▶ **WORK INSTRUCTIONS**
Word for word and without images, reproduce the listing that follows.

▶ **DATA BELOW**
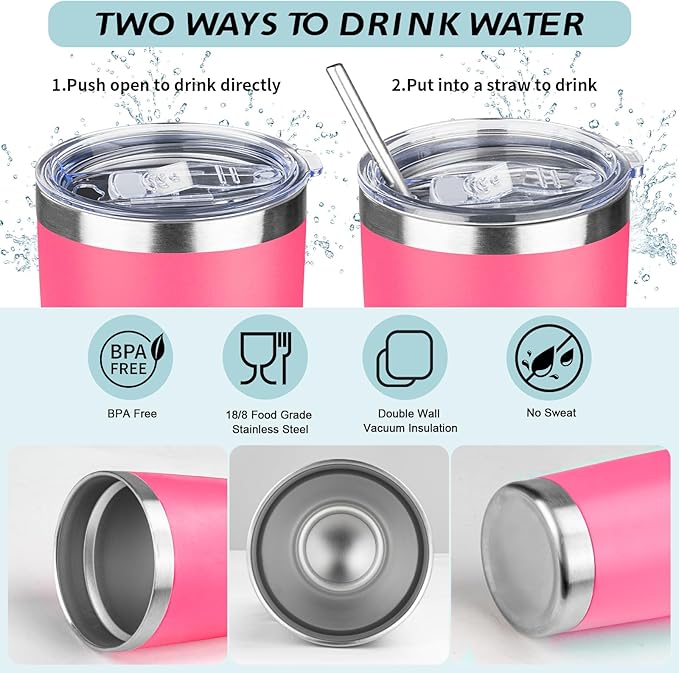 20oz Tumbler with Straw and Brush, Stainless Steel Vacuum Insulated tumbler - Image 3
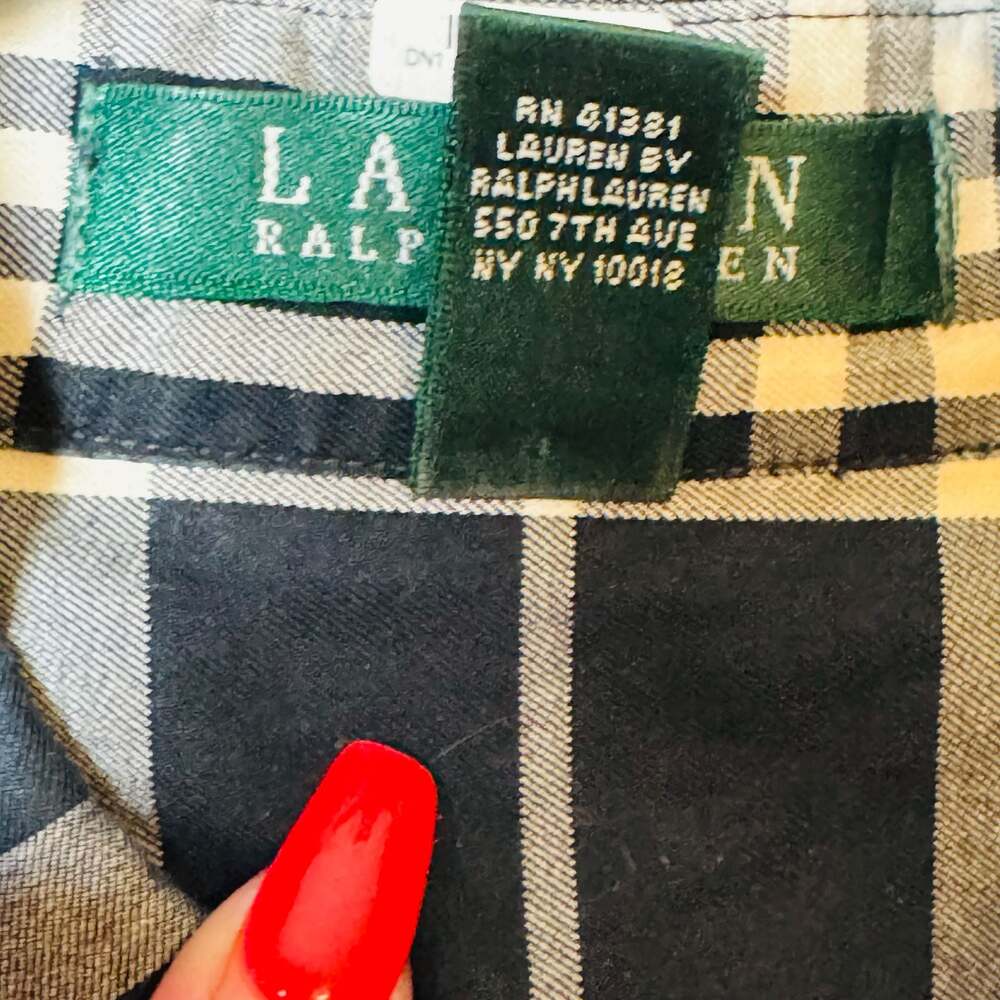 RALPH LAUREN Black and White Plaid Cotton Ruffle Front Button-Up Blouse Size M - Picture 3 of 8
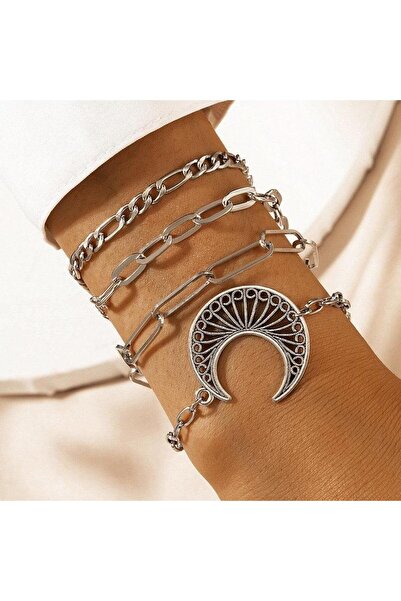 Pursehuit Set de 4 brățări argintii, cu zale și semilună, Chresta C2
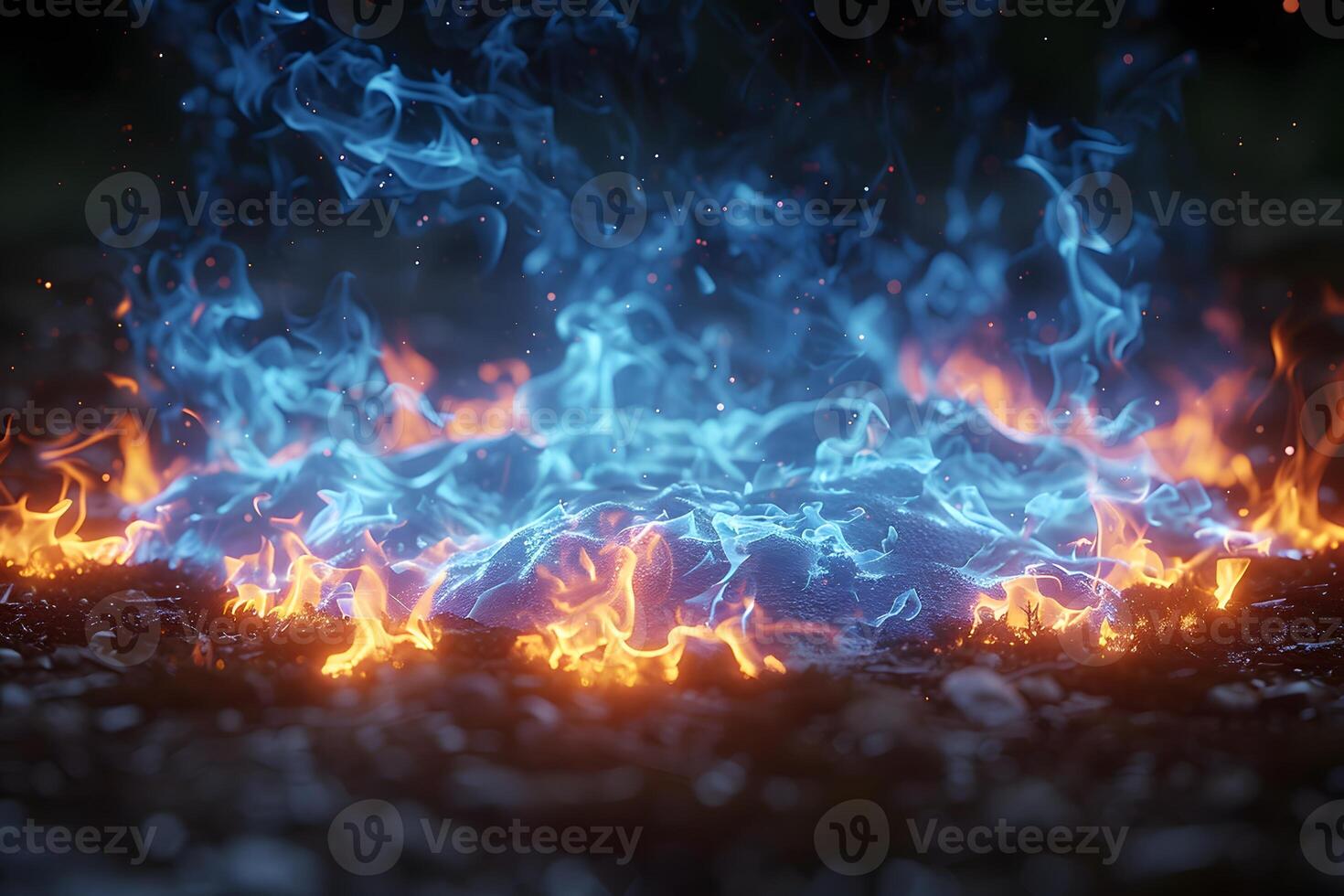 Mesmerizing Interaction of Blue and Orange Flames in a Nighttime Mystical Fire Display photo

▶ **SOLVED EXERCISE**
 20oz Tumbler with Straw and Brush, Stainless Steel Vacuum Insulated tumbler - Image 3
 RALPH LAUREN Black and White Plaid Cotton Ruffle Front Button-Up Blouse Size M - Picture 3 of 8
 Pursehuit Set de 4 brățări argintii, cu zale și semilună, Chresta C2
 Mesmerizing Interaction of Blue and Orange Flames in a Nighttime Mystical Fire Display photo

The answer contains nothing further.